--- WHAT THE TASK ASKS ---
What is needed is a word-for-word transcript of the listing, free of pictures.

--- EXERCISE DATA ---
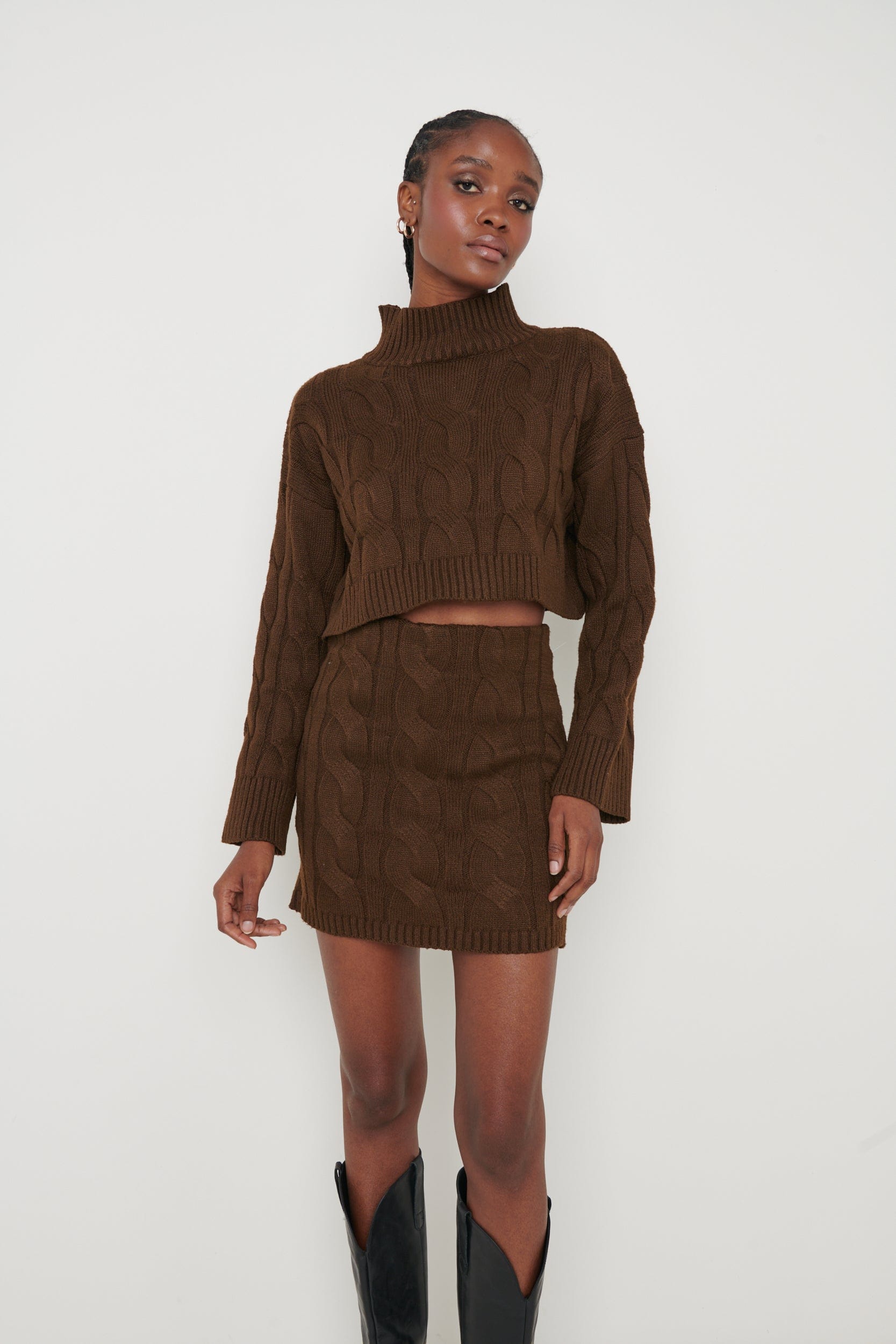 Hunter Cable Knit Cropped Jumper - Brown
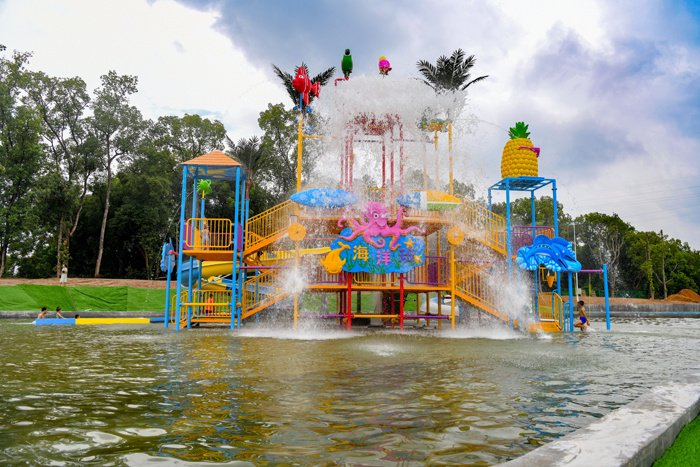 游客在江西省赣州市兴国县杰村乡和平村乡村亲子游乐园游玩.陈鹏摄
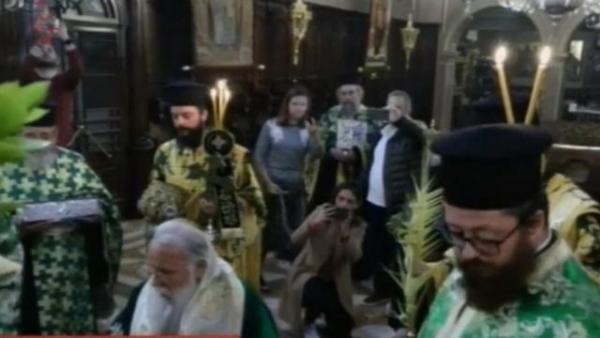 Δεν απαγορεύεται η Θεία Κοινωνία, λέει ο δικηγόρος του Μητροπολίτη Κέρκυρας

--- WRITTEN RESPONSE ---
 Hunter Cable Knit Cropped Jumper - Brown
 游客在江西省赣州市兴国县杰村乡和平村乡村亲子游乐园游玩.陈鹏摄
 Δεν απαγορεύεται η Θεία Κοινωνία, λέει ο δικηγόρος του Μητροπολίτη Κέρκυρας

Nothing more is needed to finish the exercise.